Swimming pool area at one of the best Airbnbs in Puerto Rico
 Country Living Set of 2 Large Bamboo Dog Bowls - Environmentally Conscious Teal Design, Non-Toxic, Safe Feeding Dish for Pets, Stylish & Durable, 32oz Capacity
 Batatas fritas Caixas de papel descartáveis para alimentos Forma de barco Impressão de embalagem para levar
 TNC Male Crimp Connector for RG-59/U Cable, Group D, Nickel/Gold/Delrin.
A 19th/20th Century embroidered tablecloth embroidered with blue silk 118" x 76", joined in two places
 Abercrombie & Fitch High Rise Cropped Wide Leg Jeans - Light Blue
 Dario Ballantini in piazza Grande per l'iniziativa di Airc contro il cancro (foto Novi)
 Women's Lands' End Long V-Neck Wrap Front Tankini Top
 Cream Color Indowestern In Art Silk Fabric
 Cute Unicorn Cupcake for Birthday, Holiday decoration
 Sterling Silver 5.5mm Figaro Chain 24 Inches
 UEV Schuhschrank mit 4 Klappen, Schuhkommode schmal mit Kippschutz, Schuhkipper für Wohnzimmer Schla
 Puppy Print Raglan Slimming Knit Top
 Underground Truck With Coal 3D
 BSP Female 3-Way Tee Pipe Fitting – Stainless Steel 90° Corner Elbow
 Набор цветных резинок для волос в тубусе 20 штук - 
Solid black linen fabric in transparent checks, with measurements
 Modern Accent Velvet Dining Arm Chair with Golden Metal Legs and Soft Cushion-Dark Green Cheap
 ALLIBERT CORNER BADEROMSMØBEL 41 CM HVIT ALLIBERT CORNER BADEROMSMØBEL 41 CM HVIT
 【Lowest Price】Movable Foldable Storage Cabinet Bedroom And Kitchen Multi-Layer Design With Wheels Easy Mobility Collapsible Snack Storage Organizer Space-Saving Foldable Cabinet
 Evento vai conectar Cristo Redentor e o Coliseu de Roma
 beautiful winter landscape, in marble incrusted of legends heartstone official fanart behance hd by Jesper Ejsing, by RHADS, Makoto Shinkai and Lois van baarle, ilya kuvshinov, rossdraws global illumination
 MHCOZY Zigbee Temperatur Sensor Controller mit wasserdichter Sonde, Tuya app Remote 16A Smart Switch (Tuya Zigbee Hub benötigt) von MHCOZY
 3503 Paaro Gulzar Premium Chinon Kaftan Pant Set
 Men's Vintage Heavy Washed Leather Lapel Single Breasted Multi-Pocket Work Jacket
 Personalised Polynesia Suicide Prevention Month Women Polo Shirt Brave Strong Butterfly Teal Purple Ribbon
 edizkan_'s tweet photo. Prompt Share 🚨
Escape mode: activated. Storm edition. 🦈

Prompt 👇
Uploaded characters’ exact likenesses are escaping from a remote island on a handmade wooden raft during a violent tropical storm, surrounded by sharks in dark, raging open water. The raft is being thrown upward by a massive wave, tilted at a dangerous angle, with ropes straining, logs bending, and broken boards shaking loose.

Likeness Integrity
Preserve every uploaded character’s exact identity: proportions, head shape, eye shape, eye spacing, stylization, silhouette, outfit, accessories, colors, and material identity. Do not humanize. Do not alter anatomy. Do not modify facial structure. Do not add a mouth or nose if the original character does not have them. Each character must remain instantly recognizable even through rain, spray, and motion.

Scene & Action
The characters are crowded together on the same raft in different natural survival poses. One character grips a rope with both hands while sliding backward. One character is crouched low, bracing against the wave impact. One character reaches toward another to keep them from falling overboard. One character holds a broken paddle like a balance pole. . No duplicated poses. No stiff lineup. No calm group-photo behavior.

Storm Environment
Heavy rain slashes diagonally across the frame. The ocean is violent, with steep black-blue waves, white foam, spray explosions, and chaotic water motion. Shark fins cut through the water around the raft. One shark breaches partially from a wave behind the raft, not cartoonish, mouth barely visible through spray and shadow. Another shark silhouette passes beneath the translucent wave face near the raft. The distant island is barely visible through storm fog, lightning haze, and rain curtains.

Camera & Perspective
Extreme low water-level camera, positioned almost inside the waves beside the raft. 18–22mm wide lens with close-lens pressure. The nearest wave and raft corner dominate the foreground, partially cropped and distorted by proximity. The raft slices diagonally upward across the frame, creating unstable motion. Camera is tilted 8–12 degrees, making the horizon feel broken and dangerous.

§ §

§ **Problem to solve**
Please reproduce, exactly as they appear above, the lines from the line containing "Likeness Integrity" up to and including the line containing "Scene & Action".

§ **Task result**
Likeness Integrity
Preserve every uploaded character’s exact identity: proportions, head shape, eye shape, eye spacing, stylization, silhouette, outfit, accessories, colors, and material identity. Do not humanize. Do not alter anatomy. Do not modify facial structure. Do not add a mouth or nose if the original character does not have them. Each character must remain instantly recognizable even through rain, spray, and motion.

Scene & Action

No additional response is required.